**ASSIGNED TASK:** Every line from the one bearing "Trappers Fortress Hoodie" through the last line of the records below is to be output exactly, and no other line; leave out the pictures.

Short text fragments from websites:
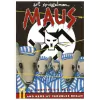 maus ii: a survivor's tale - and here my troubles began: 002 (maus a surviv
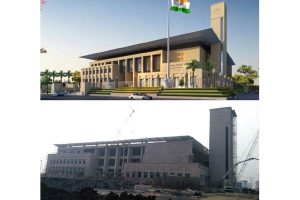 గ్రాఫిక్స్ టు రియాలిటీ..! ఏపీ హైకోర్టు రెడీ..!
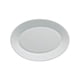 thumbnail image 1 of Fuente Ovalada 22cm Performa Porcelana Blanco Bormioli Rocco, 1 of 3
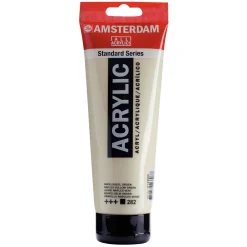Amsterdam Farba akrylowa - - 282, Naples Yellow Green, 250 ml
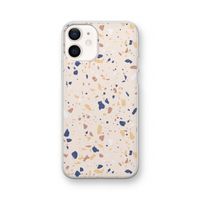 Terrazzo N°23: iPhone 12 Transparant Hoesje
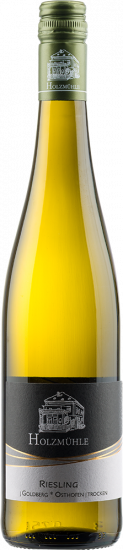 2024 GOLDBERG Riesling trocken - Weingut Holzmühle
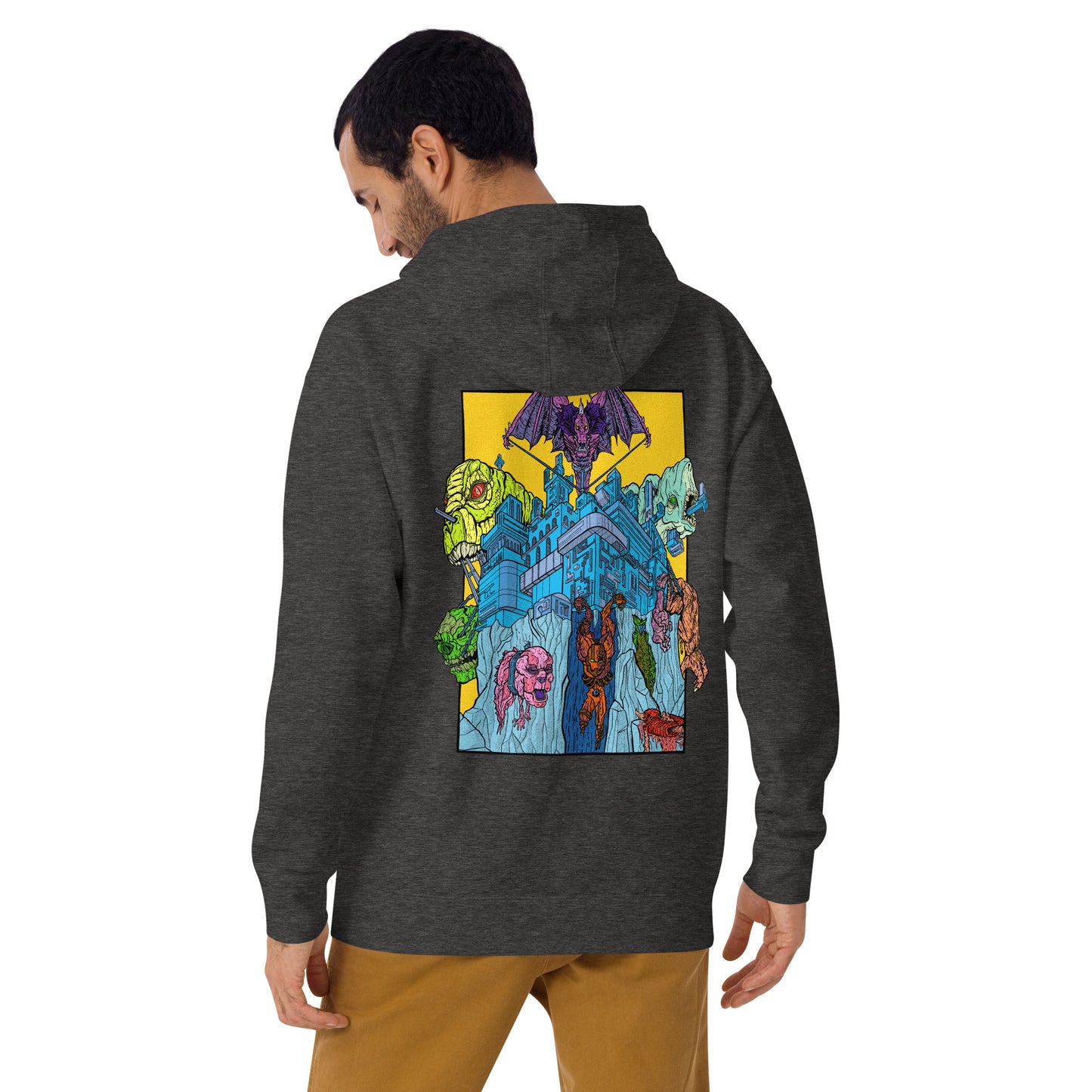 Trappers Fortress Hoodie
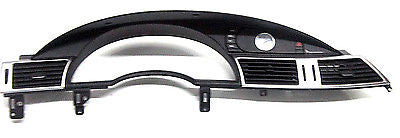 04 05 06 07 08 CHRYSLER PACIFICA DASH BEZEL WITH CLOCK NO NAVIGATION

**SOLUTION FOR THIS PROBLEM:**
 Trappers Fortress Hoodie
 04 05 06 07 08 CHRYSLER PACIFICA DASH BEZEL WITH CLOCK NO NAVIGATION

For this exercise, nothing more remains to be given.